Principal firm: "Well, I am responsible for ensuring the Conduct of Business rules and the record-keeping requirements in the FCA Handbook are complied with. In your proposed data set, you haven't included an investor classification - we need that to ensure the product is being sold properly. And you should collect a National Insurance number because HMRC will want to know. We want to ensure your infosec policy is adequate, so here are the standards we expect. And you need to keep these records for three years and these ones for five. And we want to see all your complaints as they come in so that we can work out how to reply. And we should talk about your outsourcing to AWS?"
AR firm: "Ok, that's cool. But other than that, I can do what I like?"
Principal firm: "Well, yes within reason. But all your files as they relate to your regulated business are really mine and either we can keep them or we must ensure we have full access to them at any time" (SUP 12.9.3(3), just in case you are wondering).
And then we have a look at the definition of "joint controller" which is helpfully joint controllers jointly determing the basis of processing
And that really is the crux. Together, the principal and the AR have jointly determined what data they will collect, how it will be processed, where it will be stored and how long it will be kept for. As the AG points out, the WP29 has said (in a great example of Euro-clarity):
‘the possibility of pluralistic control caters for the increasing number of situations where different parties act as controllers. The assessment of this joint control should mirror the assessment of “single” control, by taking a substantive and functional approach and focussing on whether the purposes and the essential elements of the means are determined by more than one party. The participation of parties ... does not need to be equally shared’
And you might think "so what if we have joint control?"
Joint and several responsibilities
Specifically, "the data subject may exercise his or her rights under this Regulation in respect of and against each of the controllers". (GDPR Article 26(3)). So, for example, a subject access request could be made to either. It is up to the controllers to "determine their respective responsibilities for compliance with the obligations" and make data subjects aware of the nature of this arrangement (Article 26(1) and (2)).
Joint and several liability
Article 82 provides that "any controller involved in processing shall be liable for the damage caused by processing which infringes GDPR" and "where more than one controller ... [is] involved in the same processing ... each controller ... shall be held liable for the entire damage in order to ensure effective compensation of the data subject" unless they can prove that they are not responsible in any way for the event. So, a principal firm is responsible for the data protection failings of their AR. One to add to the indemnity section of the AR agreement perhaps.

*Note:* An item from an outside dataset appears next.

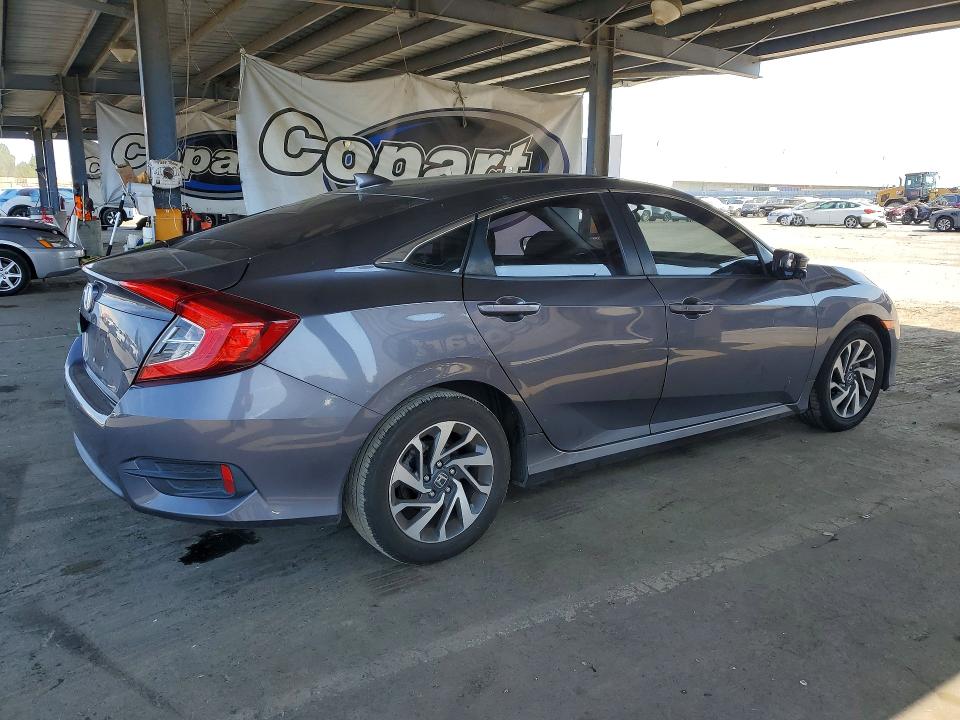64826436 :رقم المزاد ، 2HGFC2F70HH528888 vin ، 2017 Honda Civic مزاد بيع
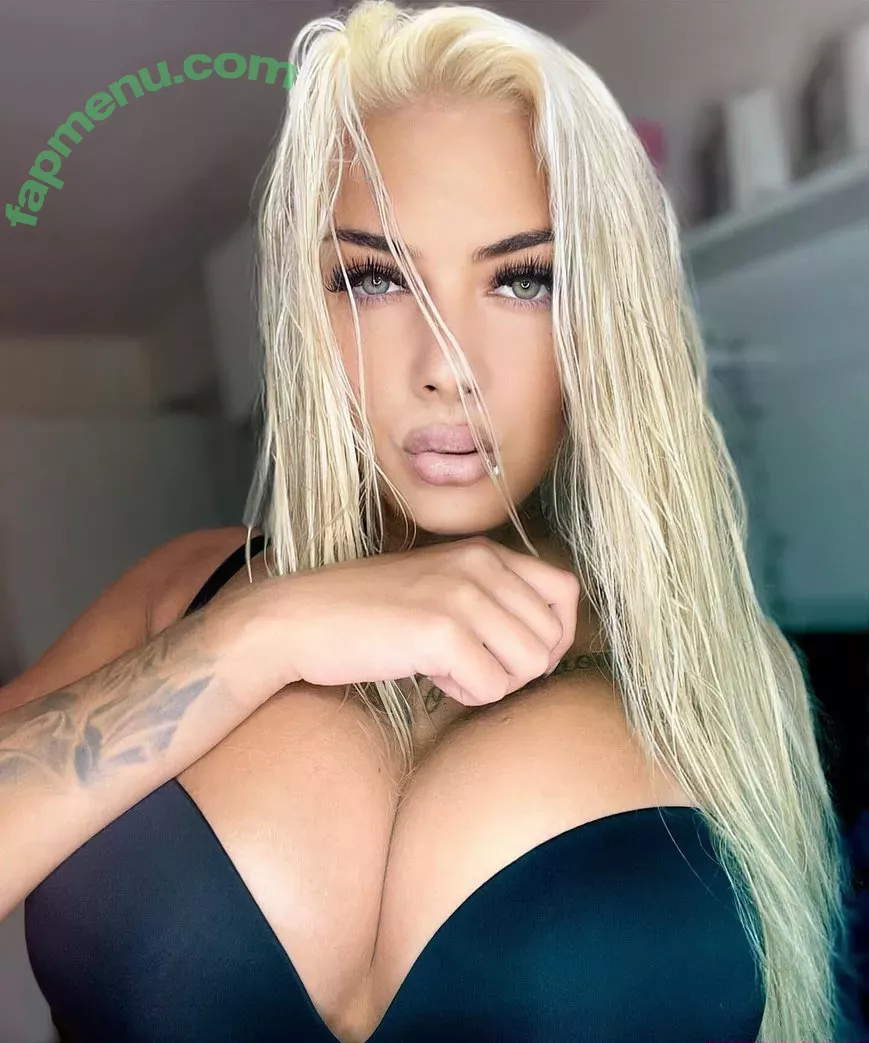 Deminecka nude photo #0001 (Denisa B.)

Talking of the AR agreement, where a controller determines the purposes and means of the processing jointly with other controllers, there must be a clear allocation between them of the responsibilities under GDPR (Recital 79). There is a suggestion that this means three pages of controller-controller clauses are not appropriate and so I have opted for a reductionist approach as a supplement to standard clauses.
Privacy notices are going to need a tweak to be transparent about these roles of AR and principal and a principal firm should specifically ensure that customers are aware that data may be transferred to the principal.
Privacy by design
Finally, a reminder that a right to access data does not equate to open access. Privacy by design still has a role to play. What info does the principal firm actually need from time to time? Does a principal need all new customer data or do they just want statistical data for quarterly reporting? Can a file audit be done with pseudonymised information?